Simulation certainly isn’t a bad idea (if only as a checking mechanism) but after some a discussion over beers I came to the conclusion that you might also be able to calculate the probability by systematic counting.
The exercise is a bit theoretical in nature but I hope it serves as a fun example for practitioners (or suit wearing consultants) who don’t mind reading an example of harder counting problems.
The casino has a lottery like bingo. People get a sheet with 25 random numbers between 1-90 on it. Next, the lottery man will draw 25 balls at random. You win if the numbers on your sheet are pulled.
If nobody in the room has won then that’s fine, they will draw a new ball.
They will keep drawing balls until there actually is a winner.
The more balls are being pulled the larger the probability that multiple people win at the same time. The casino people (remember, these are the people in the casino that are risk averse) would like to know the odds of two or more people winning at the same time.
This problem can get way out of hand if you aren’t structuring it. Let us first worry about the order of the balls and the number of possible combinations, we’ll worry about the number of people later.
There are \(90! = 1 \times 2 \times ... \times 89 \times 90\) different combinations possible for the first 90 balls.
Suppose now that 25 balls have been pulled. It is possible that I have a fully marked sheet after the first 25 balls have been pulled. The first 25 balls can be in any order and the latter 65 balls cal also be in any order.
This image helps me come to this formula:
\[ \mathbf{Prob}(\text{hit after 25 balls}) = \frac{\mathbf{Count}(\text{hits})\mathbf{Count}(\text{misses})}{\mathbf{Count}(\text{total})} = \frac{25! \times 65!}{90!} \]
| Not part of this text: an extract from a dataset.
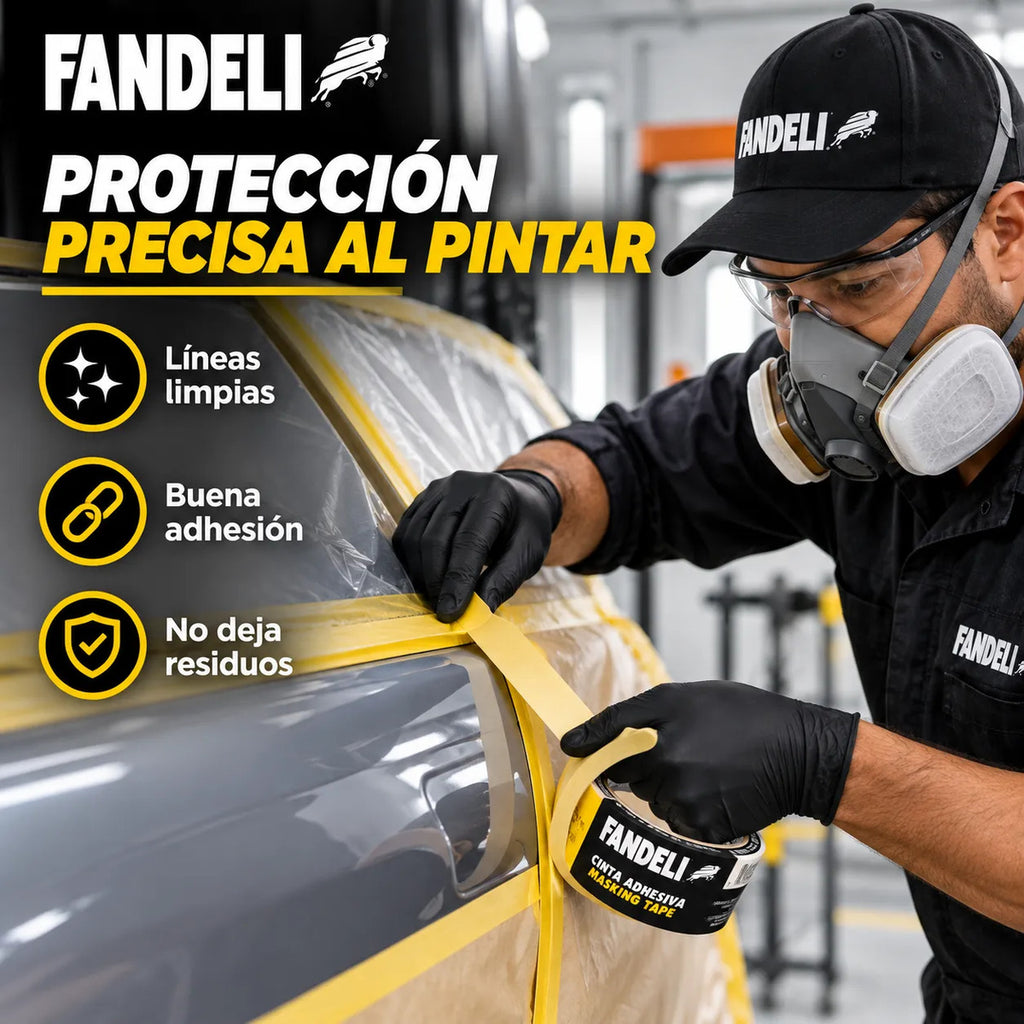 24 Cintas Masking Tape Automotriz Fandeli 48mm X 50m Pintura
In this case the formula was pretty easy to derive. Let’s check if we can still do that when the number of balls increase.
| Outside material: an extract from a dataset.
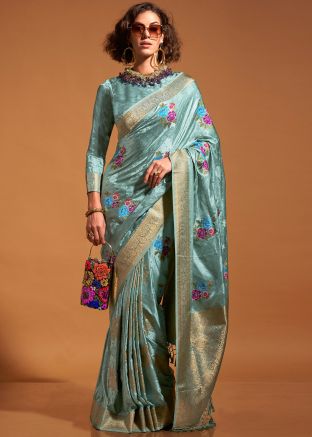 Mint Blue Woven Saree In Satin Silk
If I don’t have a hit then it is possible that the next hit will be. This is only possible if out of the previous 25 balls one was a miss. This means we have to draw the picture a bit differently.
Since the picture is different the formula also needs to be adapted.
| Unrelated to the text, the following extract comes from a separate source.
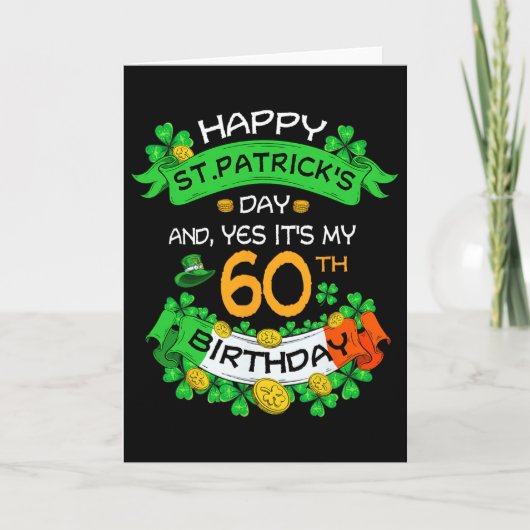 60e St. Patricks Day Verjaardag Opa Oma 60e Kaart (Voorkant)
\[ \mathbf{Prob}(\text{hit after 26 balls}) = \frac{\mathbf{Count}(\text{hit 24 out of 25, #26 is hit, other 64 any order})}{\mathbf{Count}(\text{grab 26 from 90})} \]
Before we worry about the details, let’s check if the same pattern emerges when we increase the number of balls.
The same argument as before can be made!
\[ \mathbf{Prob}(\text{hit after 27 balls}) = \frac{\mathbf{Count}(\text{hit 24 out of 26, #27 is hit, other 63 any order})}{\mathbf{Count}(\text{grab 27 from 90})} \]
With this drawing I feel like we might be able to turn this into something general.
Let’s look for something general.
\[ \mathbf{Prob}(\text{hit after } k \text{ balls}) = \frac{\mathbf{Count}(\text{hit 24 out of } (k-1), k \text{ is hit, other } (90 - k) \text{ any order})}{\mathbf{Count}(\text{grab } k \text{ from 90})} \]
Turns out that this formula can be translated into a variant of the hypergeometric distribution. But beware the slight twist! When we draw, say, 28 balls then I know that in the first 27 balls we did not get 25.
It’s allmost hypergeometric though. If I ignore the final ball \(k\) that causes the bingo then it is fully geometric. This suggests that if I just keep in mind that the probability of getting this ball is \(\frac{1}{90-k}\). These two facts can be glued together to get the probability density that we’re interested in.
\[ \mathbf{Prob}(\text{hit after } k \text{ balls}) = \frac{{25 \choose 24} {65 \choose k - 24}}{{90 \choose k}} \times \frac{1}{90 - k}\]
We can also write this up in python to confirm that we have a distribution that sums to one.
from scipy.special import comb
def prob(b=25):
return comb(25, 24) * comb(65, b-24) / comb(90, b)
sum([prob(i)/(90-i) for i in range(25, 90)]) # equals 1
Again, the trick here lies in understand that if I pull 50 balls that we must account for the fact that there were 24 hits in the 49 before. No more, no less. If I was not able to state this then our formula would be false.
It might just be me, but maybe if you want to solve these sorts of problems it helps to make drawings instead of formulas. It is easier for other people to follow along but it is also easier to understand/explore the problem that you’re facing.